A Colts win would be the third for the franchise, including their victory as the Baltimore Colts following the 1970 season before moving to Indianapolis in 1984.
“Super Bowl wins by three-time champions are correlated with an average stock market return of 17 percent, based on 15 of the past 43 years,” according to Capital IQ, a division of Standard & Poor’s.
Moreover, the Colts are the designated “home team” for Sunday’s big game. When the home team has won the Super Bowl, the average S&P 500 return was 18 percent, compared to an average of 6 percent in the years in which the road team has won, they said.
Still, enough parsing of the numbers can produce a win-win scenario for investors, according to Capital IQ’s light-hearted study.
The average market return for a year in which a National Football Conference (NFC) team — such as the Saints — wins the Super Bowl appearance is about 15 percent, even though first-time champions, as would pertain to the Saints if they win, are correlated with a 9-percent average return.

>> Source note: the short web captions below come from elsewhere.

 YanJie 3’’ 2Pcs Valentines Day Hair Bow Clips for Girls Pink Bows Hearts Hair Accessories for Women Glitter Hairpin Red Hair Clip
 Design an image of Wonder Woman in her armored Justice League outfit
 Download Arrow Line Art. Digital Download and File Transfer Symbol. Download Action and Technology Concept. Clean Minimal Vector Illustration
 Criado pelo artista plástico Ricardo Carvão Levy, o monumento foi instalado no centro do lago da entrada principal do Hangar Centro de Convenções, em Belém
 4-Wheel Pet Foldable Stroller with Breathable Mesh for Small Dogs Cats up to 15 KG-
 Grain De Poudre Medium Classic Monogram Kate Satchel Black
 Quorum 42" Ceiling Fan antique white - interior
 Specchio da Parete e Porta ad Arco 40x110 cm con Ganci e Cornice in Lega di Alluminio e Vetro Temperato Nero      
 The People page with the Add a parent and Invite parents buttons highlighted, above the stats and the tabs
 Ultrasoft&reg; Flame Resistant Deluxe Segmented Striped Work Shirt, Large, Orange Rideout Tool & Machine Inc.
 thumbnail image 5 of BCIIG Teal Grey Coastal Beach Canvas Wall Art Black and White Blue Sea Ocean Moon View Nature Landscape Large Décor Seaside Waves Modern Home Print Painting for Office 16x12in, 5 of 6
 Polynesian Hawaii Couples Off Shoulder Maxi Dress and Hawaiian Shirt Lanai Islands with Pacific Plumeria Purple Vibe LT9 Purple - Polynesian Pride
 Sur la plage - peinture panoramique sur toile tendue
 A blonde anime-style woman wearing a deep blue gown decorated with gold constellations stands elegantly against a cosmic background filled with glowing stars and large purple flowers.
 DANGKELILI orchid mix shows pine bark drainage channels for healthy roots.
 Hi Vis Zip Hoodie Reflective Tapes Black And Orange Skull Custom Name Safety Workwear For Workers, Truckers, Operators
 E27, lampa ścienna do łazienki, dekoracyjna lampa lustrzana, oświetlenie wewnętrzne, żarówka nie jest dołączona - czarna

The average return when an NFC team won was double that when an American Football Conference (AFC), at 15 percent against 7 percent.
Capital IQ’s number-crunching suggested that Sunday’s game in Miami’s dome-less Sun Life Stadium could also bode well.
Market returns have fared better in the years when the Super Bowl was open to the elements versus years the game was played in a domed stadium.
As many as 100 million Americans are likely to tune into Sunday’s game to enjoy the advertising, the half-time show featuring The Who, and, yes, the football.
The latest line for Super Bowl XLIV shows Indianapolis as a 4.5-point favorite.